Development kit for building Metaflow orchestrator extensions
Project description
metaflow-orchestrator-kit
Build a correct Metaflow orchestrator the first time — scaffold, declare capabilities, and prove compliance.
The problem
You want to integrate a new scheduler with Metaflow. You know you need to implement a DeployerImpl, a DeployedFlow, and a TriggeredRun. But Metaflow's orchestrator contract is not written down anywhere. There is no spec listing what your deployer must handle, no test suite to run against your implementation, and no scaffold to get you started. You figure it out by reading existing orchestrator code and hitting a handful of non-obvious bugs that every new orchestrator author rediscovers independently: retry counts hardcoded to zero, --branch missing from step subprocesses, config env vars absent from containers. This kit is the missing artifact: a written contract, a compliance test suite you can run locally, and a scaffold that pre-fills every requirement so none of them are easy to skip.
5-minute quickstart
# 1. Install
pip install metaflow-orchestrator-kit
# 2. Scaffold
python -m metaflow_orchestrator_kit.scaffold my_scheduler
cd my_scheduler/
# 3. Fill in the scheduler-specific parts (all marked with # TODO: SCHEDULER API)
# - my_scheduler_deployer.py: _compile_workflow(), _build_step_command()

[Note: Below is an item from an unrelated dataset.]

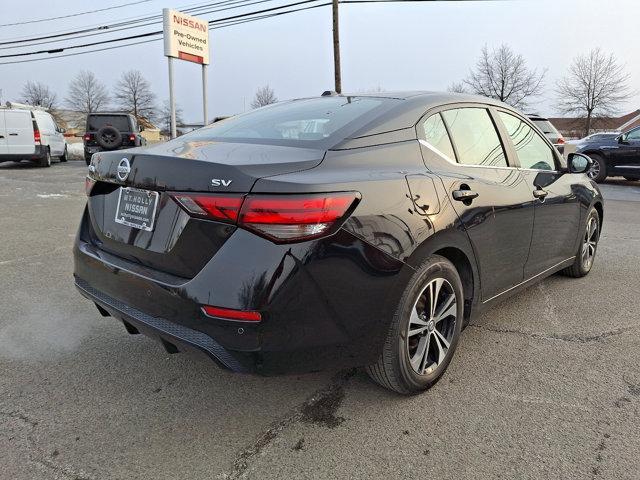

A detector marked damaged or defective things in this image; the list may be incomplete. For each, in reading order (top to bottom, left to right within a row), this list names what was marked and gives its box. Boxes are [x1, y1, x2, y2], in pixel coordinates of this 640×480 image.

# - my_scheduler_objects.py: trigger(), from_deployment(), status property
# - my_scheduler_cli.py: create(), trigger()
# 4. Validate (catches all known pitfalls without running tests)
python -m metaflow_orchestrator_kit.validate ./
# 5. Test (one command — writes config, finds flows, runs compliance suite)
python -m metaflow_orchestrator_kit.test \
--scheduler-type my_scheduler \
--deploy-args host=http://localhost:8000
# 6. If all green: set up GHA with the generated ux-tests-my_scheduler.yml
What the scaffold generates
python -m metaflow_orchestrator_kit.scaffold my_scheduler
Creates ./my_scheduler/ containing:
my_scheduler_deployer.py DeployerImpl subclass — all required plumbing pre-solved
my_scheduler_objects.py DeployedFlow / TriggeredRun subclasses
my_scheduler_cli.py CLI entry-point group
mfextinit_my_scheduler.py Extension registration (auto-discovered by Metaflow)
ux-tests-my_scheduler.yml GitHub Actions workflow skeleton
The generated _build_step_command() includes all pre-solved Metaflow plumbing. You fill in only the scheduler API calls:
# Generated deployer — pre-solved (do not change these)
required_env = {
"METAFLOW_FLOW_CONFIG_VALUE": flow_config_value or "", # Cap.CONFIG_EXPR
"METAFLOW_DATASTORE_SYSROOT_LOCAL": datastore_sysroot,
"METAFLOW_SERVICE_URL": os.environ.get("METAFLOW_SERVICE_URL", ""),
"PATH": os.environ.get("PATH", ""),
}
def _build_step_command(self, step_name, run_id, task_id, input_paths,
branch=None, retry_count=0, environment_type="local"):
cmd = [sys.executable, flow_file, "--no-pylint", "--environment", environment_type]
if branch:
cmd += ["--branch", branch] # Cap.PROJECT_BRANCH
cmd += ["step", step_name, "--run-id", run_id, "--task-id", task_id,
"--retry-count", str(retry_count), # TODO: SCHEDULER API — replace 0
"--input-paths", input_paths]
return cmd
Install
pip install metaflow-orchestrator-kit
# with dev dependencies:
pip install "metaflow-orchestrator-kit[dev]"
Usage
1. Scaffold
python -m metaflow_orchestrator_kit.scaffold my_scheduler [output_dir]
# equivalent short form:
metaflow-orchestrator-scaffold my_scheduler
2. Validate (static analysis — no scheduler needed)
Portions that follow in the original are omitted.